The three strategies¶
permutation (default)¶
For each concept, shuffle the values of its features across rows and re-score on the held-out set, repeated n_repeats times.
- Cheap — no retraining.
- Model-agnostic — works for any model with
predict_proba/decision_function. - The model still expects the features to be there; it just sees decorrelated values. This is an upper bound on "what would happen if the data became uninformative", not "what would happen if the column was deleted".
auc_drop(graph, model, X_test, y_test,
feature_names=X_test.columns.tolist(),
strategy="permutation",
n_repeats=10, random_state=42)
Output columns: auc_drop_mean, auc_drop_std (across repeats), ablated_score_mean, baseline_score, feature_count, strategy.
retrain¶
For each concept, drop its features from the training set, retrain, score on the held-out set with the same columns dropped.
- Most faithful to "this column will not exist in production".
- Most expensive: one retrain per concept.
- Requires a user-supplied
train_fn(X_train, y_train) -> fitted_estimatorcallable so the package can rebuild the model exactly the way you want.
def train_lgb(X, y):
m = lgb.LGBMClassifier(n_estimators=200, random_state=42, verbose=-1)
m.fit(X, y)
return m
auc_drop(graph, model, X_test, y_test,
feature_names=X_test.columns.tolist(),
strategy="retrain",
train_fn=train_lgb,
X_train=X_train, y_train=y_train)
Output columns same as permutation, but auc_drop_std is NaN (single retrain, no spread).
shap_marginal¶
Cheapest. Subtract the concept's SHAP contributions from the prediction logits, apply the link function, re-score.
- Almost free once you have SHAP values.
- An approximation under SHAP additivity. Treats each concept's contribution as independently subtractable, which is exact only for additive models.

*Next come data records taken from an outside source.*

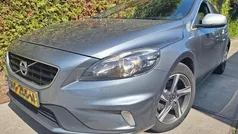 Grijs, metallic lak Gebruikt 2015 Volvo V40 Business Edition Stationwagen | € 5.300 (Eerlijke prijs)
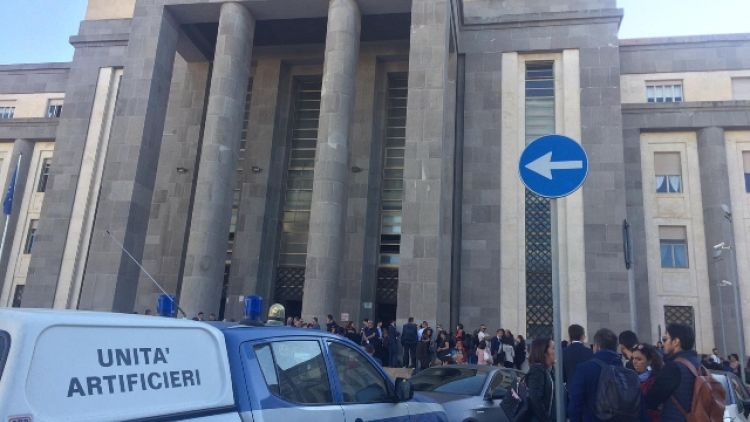 Allarme bomba al tribunale di Cagliari
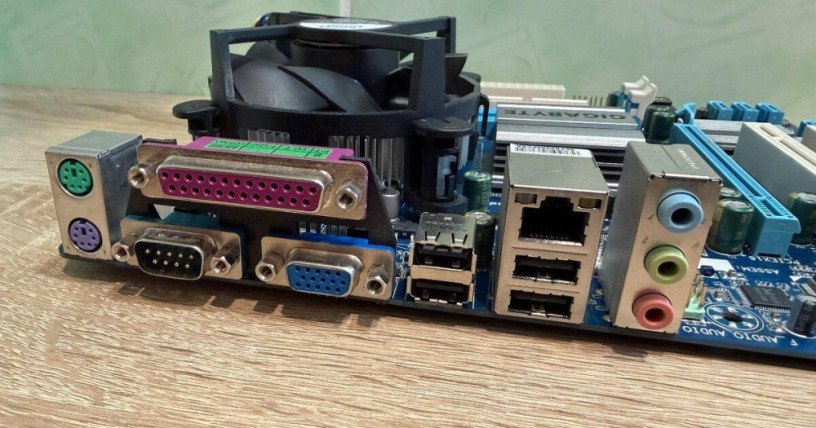 gigabyte-ga-g41mt-es2l-pentium-dual-core-e5400-socket-775-big-1
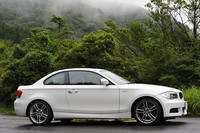 エアロパーツやスポーツサスペンションなどを含む「M Sportsパッケージ」は標準装備。タイヤサイズは前215/40R18、後245/35R18となる。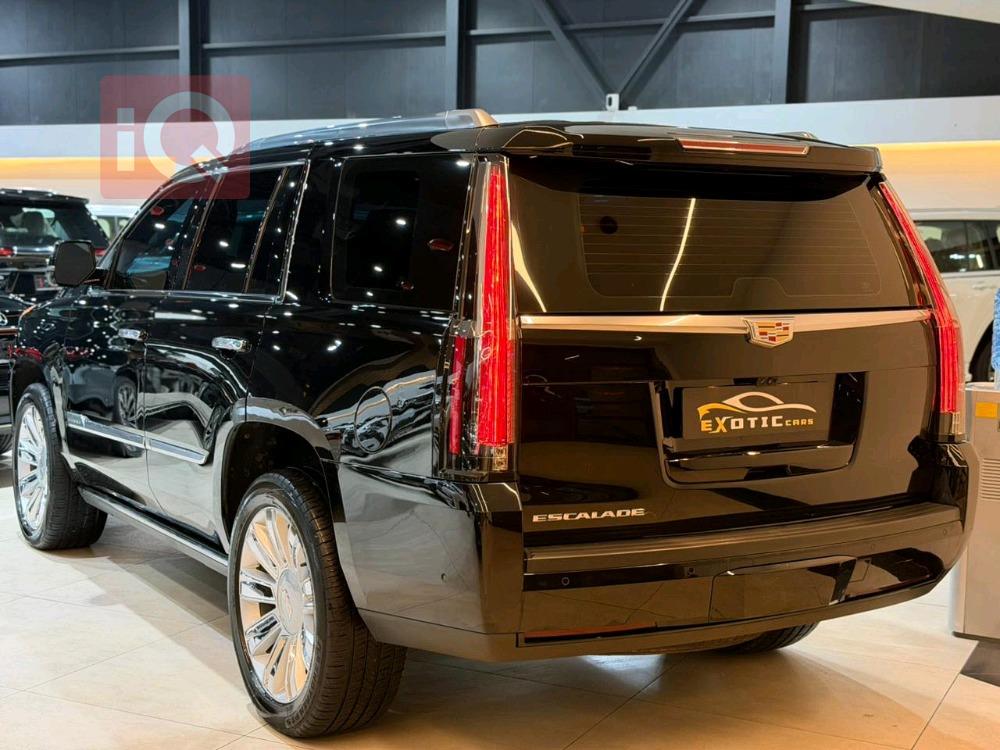 كاديلاك اسكاليد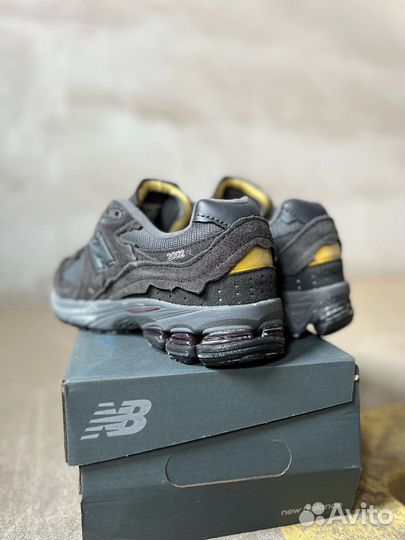 Кроссовки new balance 2002r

- Useful as a sanity check or for fast iteration; not for regulatory submissions.
auc_drop(graph, model, X_test, y_test,
feature_names=X_test.columns.tolist(),
strategy="shap_marginal",
shap_values=shap_values,
base_predictions=p_test)
base_predictions should be the model's predicted probabilities on X_test (1D, length N).
Picking a strategy¶
| Use case | Strategy |
|---|---|
| Quick iteration, "is this branch important?" | permutation |
| Sanity check, you already have SHAP values | shap_marginal |
| Regulatory submission, "what happens if Equifax goes down?" | retrain |
| Comparison study (run all three, look for disagreements) | All three with the same graph |
A common pattern: run permutation first to identify the top-k concepts, then retrain only on those k.
Custom scoring metrics¶
auc_drop accepts any sklearn-compatible scoring callable via the metric argument.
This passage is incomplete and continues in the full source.